Word, count of number of times that word appears

This is a common use of a hash. It's so common, in fact, that it just might turn up in the exercises at the end of the chapter.

The idea here is that you want to know how often each word appears in a given document. Perhaps you're building an index to a number of documents, so when a user searches for fred, you'll know that a certain document mentions fred five times, another mentions fred seven times, and another doesn't mention fred at all. The index shows which documents the user is likely to want. As the index-making program reads through a given document, each time it sees a mention of fred, it adds one to the value filed under the key of fred. That is, if we had seen fred twice already in this document, the value would be 2, but now we'll increment it to 3. If we had never seen fred before, we'd change the value from undef (the implicit, default value) to 1.

Username, number of disk blocks they are using [wasting]

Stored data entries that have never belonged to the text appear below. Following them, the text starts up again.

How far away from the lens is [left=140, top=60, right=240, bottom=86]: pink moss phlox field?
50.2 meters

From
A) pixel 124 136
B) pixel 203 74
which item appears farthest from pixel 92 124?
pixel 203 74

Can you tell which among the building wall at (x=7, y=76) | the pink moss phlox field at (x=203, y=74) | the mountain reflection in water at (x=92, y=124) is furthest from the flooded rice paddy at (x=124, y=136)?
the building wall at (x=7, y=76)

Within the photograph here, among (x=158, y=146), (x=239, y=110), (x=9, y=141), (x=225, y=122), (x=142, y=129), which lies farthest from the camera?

System administrators like this one. The usernames on a given system are unique strings, so they can be used as keys in a hash to look up information about that user.

Driver's license number, name

There may be many people named John Smith, but we hope each one has a different driver's license number. That number makes for a unique key, and the person's name is the value.

Another way to think of a hash is as a simple database, in which one piece of data may be filed under each key. If your task description includes phrases like "finding duplicates," "unique," "cross-reference," or "lookup table," it's likely that a hash will be useful in the implementation.